- TASK PROMPT
Would you print all of the entries word for word?

*** INPUT MATERIAL ***

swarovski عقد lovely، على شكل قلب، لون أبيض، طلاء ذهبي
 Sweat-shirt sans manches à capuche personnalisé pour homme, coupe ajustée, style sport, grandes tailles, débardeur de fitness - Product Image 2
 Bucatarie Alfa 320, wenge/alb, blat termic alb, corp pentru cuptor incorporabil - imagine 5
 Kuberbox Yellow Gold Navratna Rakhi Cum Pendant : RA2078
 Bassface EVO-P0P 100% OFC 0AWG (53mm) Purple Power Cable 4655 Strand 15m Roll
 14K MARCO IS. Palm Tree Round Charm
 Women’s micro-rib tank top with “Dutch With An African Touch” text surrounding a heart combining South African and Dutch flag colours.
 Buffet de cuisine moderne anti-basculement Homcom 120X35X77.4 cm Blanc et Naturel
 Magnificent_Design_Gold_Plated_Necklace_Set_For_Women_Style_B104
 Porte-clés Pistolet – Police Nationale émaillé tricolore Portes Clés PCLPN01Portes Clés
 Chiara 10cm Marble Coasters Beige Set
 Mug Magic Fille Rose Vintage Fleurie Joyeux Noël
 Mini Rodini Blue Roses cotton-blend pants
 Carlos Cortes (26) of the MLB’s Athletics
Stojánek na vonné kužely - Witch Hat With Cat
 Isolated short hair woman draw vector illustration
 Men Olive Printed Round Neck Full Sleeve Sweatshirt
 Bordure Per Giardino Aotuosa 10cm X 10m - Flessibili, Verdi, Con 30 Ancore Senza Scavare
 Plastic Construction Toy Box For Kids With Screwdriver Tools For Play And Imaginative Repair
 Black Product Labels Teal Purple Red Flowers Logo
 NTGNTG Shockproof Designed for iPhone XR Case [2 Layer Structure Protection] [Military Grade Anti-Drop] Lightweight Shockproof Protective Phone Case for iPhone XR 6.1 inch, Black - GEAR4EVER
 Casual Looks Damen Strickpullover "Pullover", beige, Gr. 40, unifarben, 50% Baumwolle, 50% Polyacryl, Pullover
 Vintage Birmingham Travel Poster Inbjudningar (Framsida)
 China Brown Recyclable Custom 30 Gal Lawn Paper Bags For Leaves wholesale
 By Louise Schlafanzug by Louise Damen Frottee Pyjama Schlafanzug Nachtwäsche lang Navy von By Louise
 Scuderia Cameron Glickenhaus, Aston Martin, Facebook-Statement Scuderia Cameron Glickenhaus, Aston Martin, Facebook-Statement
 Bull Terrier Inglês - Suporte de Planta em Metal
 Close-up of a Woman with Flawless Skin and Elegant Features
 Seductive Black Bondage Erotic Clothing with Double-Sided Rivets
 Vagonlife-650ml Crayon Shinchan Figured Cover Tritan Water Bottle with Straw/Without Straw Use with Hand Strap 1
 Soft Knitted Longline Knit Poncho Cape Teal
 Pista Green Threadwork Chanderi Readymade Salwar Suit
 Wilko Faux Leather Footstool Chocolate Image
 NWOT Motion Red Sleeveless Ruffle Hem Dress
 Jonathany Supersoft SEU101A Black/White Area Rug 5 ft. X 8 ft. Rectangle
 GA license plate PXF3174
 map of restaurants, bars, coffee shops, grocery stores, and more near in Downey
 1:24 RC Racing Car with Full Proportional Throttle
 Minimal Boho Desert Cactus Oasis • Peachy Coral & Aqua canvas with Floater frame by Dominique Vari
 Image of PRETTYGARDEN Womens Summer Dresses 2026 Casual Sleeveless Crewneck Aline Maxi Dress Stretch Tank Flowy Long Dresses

*** End of INPUT MATERIAL ***

- WRITTEN REPLY
swarovski عقد lovely، على شكل قلب، لون أبيض، طلاء ذهبي
 Sweat-shirt sans manches à capuche personnalisé pour homme, coupe ajustée, style sport, grandes tailles, débardeur de fitness - Product Image 2
 Bucatarie Alfa 320, wenge/alb, blat termic alb, corp pentru cuptor incorporabil - imagine 5
 Kuberbox Yellow Gold Navratna Rakhi Cum Pendant : RA2078
 Bassface EVO-P0P 100% OFC 0AWG (53mm) Purple Power Cable 4655 Strand 15m Roll
 14K MARCO IS. Palm Tree Round Charm
 Women’s micro-rib tank top with “Dutch With An African Touch” text surrounding a heart combining South African and Dutch flag colours.
 Buffet de cuisine moderne anti-basculement Homcom 120X35X77.4 cm Blanc et Naturel
 Magnificent_Design_Gold_Plated_Necklace_Set_For_Women_Style_B104
 Porte-clés Pistolet – Police Nationale émaillé tricolore Portes Clés PCLPN01Portes Clés
 Chiara 10cm Marble Coasters Beige Set
 Mug Magic Fille Rose Vintage Fleurie Joyeux Noël
 Mini Rodini Blue Roses cotton-blend pants
 Carlos Cortes (26) of the MLB’s Athletics
Stojánek na vonné kužely - Witch Hat With Cat
 Isolated short hair woman draw vector illustration
 Men Olive Printed Round Neck Full Sleeve Sweatshirt
 Bordure Per Giardino Aotuosa 10cm X 10m - Flessibili, Verdi, Con 30 Ancore Senza Scavare
 Plastic Construction Toy Box For Kids With Screwdriver Tools For Play And Imaginative Repair
 Black Product Labels Teal Purple Red Flowers Logo
 NTGNTG Shockproof Designed for iPhone XR Case [2 Layer Structure Protection] [Military Grade Anti-Drop] Lightweight Shockproof Protective Phone Case for iPhone XR 6.1 inch, Black - GEAR4EVER
 Casual Looks Damen Strickpullover "Pullover", beige, Gr. 40, unifarben, 50% Baumwolle, 50% Polyacryl, Pullover
 Vintage Birmingham Travel Poster Inbjudningar (Framsida)
 China Brown Recyclable Custom 30 Gal Lawn Paper Bags For Leaves wholesale
 By Louise Schlafanzug by Louise Damen Frottee Pyjama Schlafanzug Nachtwäsche lang Navy von By Louise
 Scuderia Cameron Glickenhaus, Aston Martin, Facebook-Statement Scuderia Cameron Glickenhaus, Aston Martin, Facebook-Statement
 Bull Terrier Inglês - Suporte de Planta em Metal
 Close-up of a Woman with Flawless Skin and Elegant Features
 Seductive Black Bondage Erotic Clothing with Double-Sided Rivets
 Vagonlife-650ml Crayon Shinchan Figured Cover Tritan Water Bottle with Straw/Without Straw Use with Hand Strap 1
 Soft Knitted Longline Knit Poncho Cape Teal
 Pista Green Threadwork Chanderi Readymade Salwar Suit
 Wilko Faux Leather Footstool Chocolate Image
 NWOT Motion Red Sleeveless Ruffle Hem Dress
 Jonathany Supersoft SEU101A Black/White Area Rug 5 ft. X 8 ft. Rectangle
 GA license plate PXF3174
 map of restaurants, bars, coffee shops, grocery stores, and more near in Downey
 1:24 RC Racing Car with Full Proportional Throttle
 Minimal Boho Desert Cactus Oasis • Peachy Coral & Aqua canvas with Floater frame by Dominique Vari
 Image of PRETTYGARDEN Womens Summer Dresses 2026 Casual Sleeveless Crewneck Aline Maxi Dress Stretch Tank Flowy Long Dresses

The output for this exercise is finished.